The play is subtitled, "A Dark Comedy About the Dark Ages." And dark it is for the monks who inhabit the monastery. They have run out of cash. The skeletal remains of St. Foy lying on the altar isn't drawing crowds anymore. There hasn't been a miracle for 13 years. Raising cash by charging a fee to view and to pray at the feet of St. Foy is their only way to bring in money. Now, they have been reduced to accepting a button to let someone through.
Mr. Hollinger's farce takes a while to warm up. A farce with a handful of monks making their way around the stage hasn't brought laughs so far.
Act 2 is another story, and should be. Desperate for money, the monks resort to digging up graves, boiling the corpses and selling off parts as saints in order to raise money and fill the coffers of the church. Now they can help the poor and feed themselves.
This idea was brought to them by a minstrel who found the rival monastery doing the same thing.

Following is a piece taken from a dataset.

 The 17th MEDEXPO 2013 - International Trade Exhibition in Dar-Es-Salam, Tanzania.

Before this, the praying pilgrims had high-tailed it off to the rival monastery run by the abbot's sister where there is a duplicate St. Foy set of bones sold to them by a one-eyed, grave-robbing minstrel, which is causing the blind to see and the lame to walk. Their coffers are overflowing.

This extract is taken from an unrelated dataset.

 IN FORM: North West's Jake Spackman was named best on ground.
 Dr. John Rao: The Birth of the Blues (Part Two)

Most of this brings laughs. Making fun of the church is something that wouldn't have been done too many years ago. The church, however, has loosened up and is having as much fun as the rest of us.
During the 13th century, if there's a dead holy person that doesn't decay, this is an incorruptible, and so the title.

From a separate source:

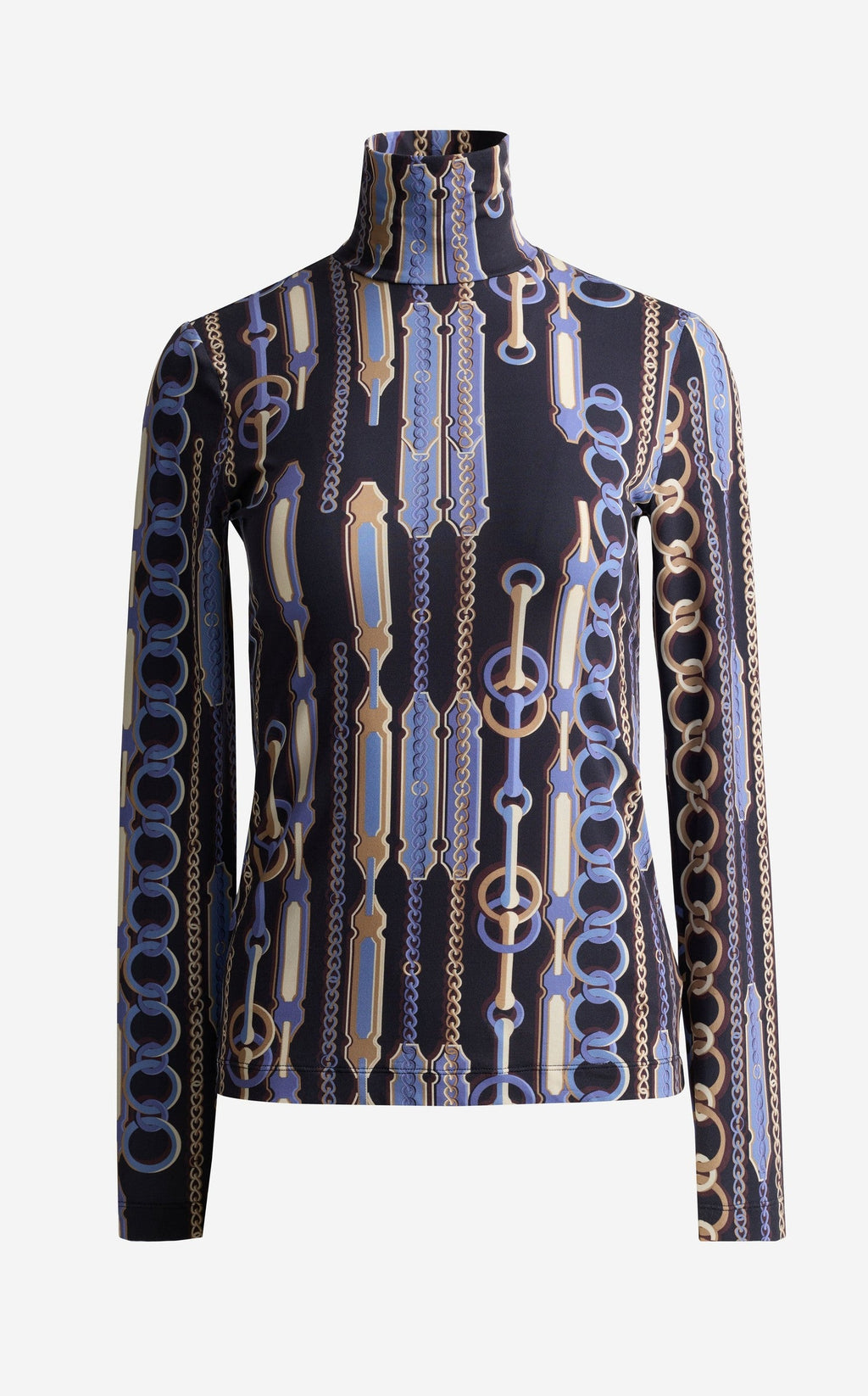 Nuda In Heritage Chain + Bridle Print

After a major fuss, the minstrel's young wife is talked into becoming an incorruptible and lies very still on the altar. This is pure farce, as the girl is on again and off again and is very funny indeed.
She goes in and out of the bag which brought her in with the rest of the corpses. While she is on the altar, you wonder why the monks don't recognize her. She danced for them earlier.
The monks march in and out, but suddenly the sister of the abbot turns up and starts a row.
Mr. Hollinger finally gathers the players, and magically everything turns out fine.
The cast at CVLT struggles with the staging. Even funny man Bob McCoy can't get the audience involved. Call it opening-night jitters or confused directing. Surely, the play will come together the rest of the way.